Even though emotions have substantial evolutionary benefits--they tell us whether we're safe, help us communicate, and make better decisions--not everyone has equal access to their emotions. We learn to suppress our feelings from very early on, and it works differently for different people. These unconscious coping mechanisms are useful in the sense that they allow us to detach from stimuli that could have otherwise overwhelmed our immature nervous systems, or they help us stay connected to our carers. Unfortunately, suppressing emotions tends to stop being necessary as we get older, but the mechanisms we learned stay with us, often becoming maladaptive. I first read about this in Gabor Mate's "When the Body Says No", a book I wholeheartedly recommend. Here, I want to talk about emotional suppression in general, and about my journey of learning to express anger in particular.
Some people suppress all emotions in equal measure, which leads to the dampening of the whole emotional spectrum. If you think about the amplitude of one's emotional experience (max of the absolute value), suppression lowers this value causing the person to remain closer to the baseline all the time: the highs are lower, and the lows are higher. While not terrible — life is ok — this might make you feel less alive, less inspired; life is just less vivid, kind of like watching a movie on a low-contrast screen. Incidentally, this is a bit similar to how some antidepressants work, particularly SSRIs. If you take them because you feel very sad or anxious, the intensity of these emotions will go down allowing you to resume normal function, but so will positive emotions like joy, excitement, contentment, or love. I think SSRIs can be extremely helpful but they also mask issues that are best dealt with directly. I know they did for me: I was exhausted after working for a conference deadline (NeurIPS 2018) and I just started my internship at Deepmind.

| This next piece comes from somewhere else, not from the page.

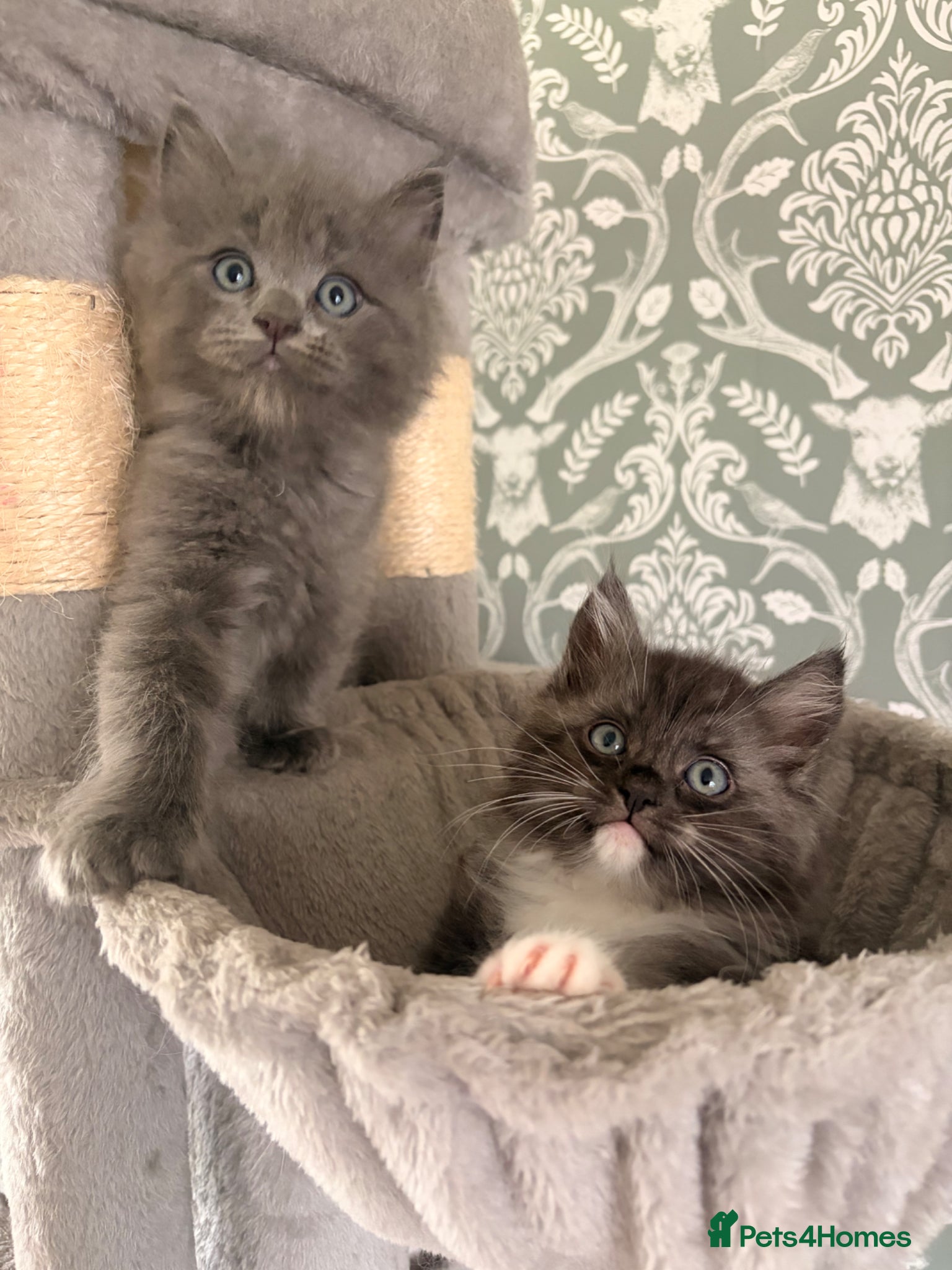 Ragcoon cats *Just 2 remaining* Ragcoon kittens - Advert 4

What I needed was a break from work and a change of environment, not adding a potent chemical to my diet. My point is: make sure you receive a comprehensive diagnosis from a specialist instead of just trusting a GP after a 15-minute consultation.

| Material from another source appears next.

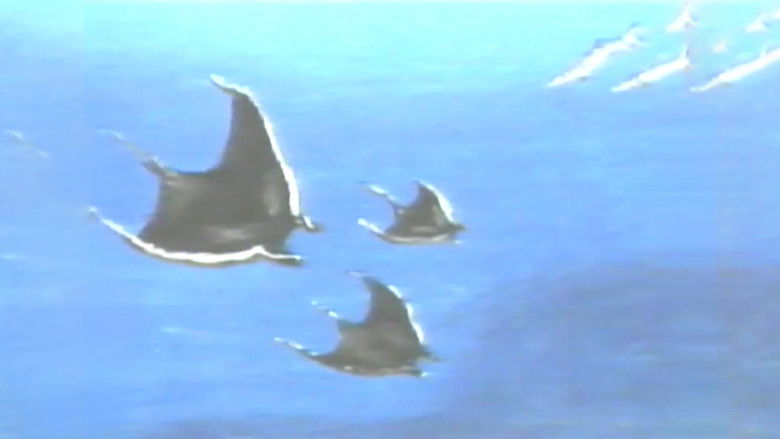 кадр из фильма Hampie - ein kleiner Wal entdeckt seine Welt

Other people learn to suppress emotions selectively. They might have no problem with feeling joy or sadness, but they might never feel anger. I guess I'm somewhere in between. For the longest time, I experienced next to no emotions other than anxiety, and occasionally mild excitement. But anger... I was so detached from it that I used to wonder why people argue; road rage was a complete mystery to me and, when someone got angry at me, I would just politely listen and engage in a discussion -- a reaction that often infuriated the other person. It's not like anger was completely absent from my life, though. I used to like violent movies, so watching violence, and occasionally I would have this fantasy of punching someone in the street. Sometimes I would even see myself doing that in my mind's eye: there could be an old lady passing me and I would just have this vision of smashing her face in. Carl Jung would describe this as one's shadow: a part of your personality that you have no conscious access to and which often manifests in your life in harmful ways. Integrating your shadow starts by noticing what it is that you repress, e.g., by noticing what is it that you find particularly repulsive or triggering in other people, and then looking for that in yourself. If you want to explore this further, here's a great intro to shadow work by Heidi Priebe.
Of course, I had no idea about shadow work, and I thought anger is pointless and just not my thing. Until..., one day, I got enraged: I wanted to destroy every bus stop I passed on my way home; As before in my visions, I wanted to punch an old lady I met on the way, but this time I was real furious and I had an urge to actually do it. I was fuming, and no wonder: my precious bike which I owned for 10 years, which I cycled thousands of kilometers on, which I've taken on adventures, fixed countless times, and spent my pocket money on upgrading, got stolen. It survived all of 14 days in Oxford where I had just moved. Waking up the next day I was like whoa, that was fucking wild. I've never felt like that before. It was frightening, but also so cool, these unlimited swaths of energy passing through me. But then it was gone, and I've been cut off from my anger once more. In fact, it was so deeply suppressed that even after I unlocked most of my emotional range, I had next to no access to anger -- I'm still learning to work with it.
These days I get angry fairly often, and I love the feeling, which is contrary to most peoples' experience of anger. Once I went to a workshop on non-violent communication (NVC, a technique developed by Marshal Rosenberg, I totally recommend the book). One of the sections was devoted to "transforming anger", and I remember raising my hand and saying that hey, not all anger is bad, that it's actually good for us. Everyone in the room, including the teacher, just stared at me blankly. Anger can be destructive and divisive -- just think of the currently raging wars -- particularly when you repress it, it has no way out, or if it's caused by deeply-rooted trauma rather than an acute experience. But healthy anger is really important for our wellbeing. I first encountered the notion of healthy anger in Gabor Mate's work and his description matched my experience: when I feel anger, I relax, become more confident, and more energetic. My usually tight jaw softens and shifts down a little, shoulders pull back, knees bend slightly, and breath gets slower, deeper. Also, my hands loosen up — but in a quiet-before-the-storm manner: I'm ready to pounce at a moment's notice if I so choose. But I'm also ready to raise my voice, to say whatever needs to be said to protect my boundaries, to make sure that I'm safe both physically and psychologically. I'm not afraid. It feels like a superpower.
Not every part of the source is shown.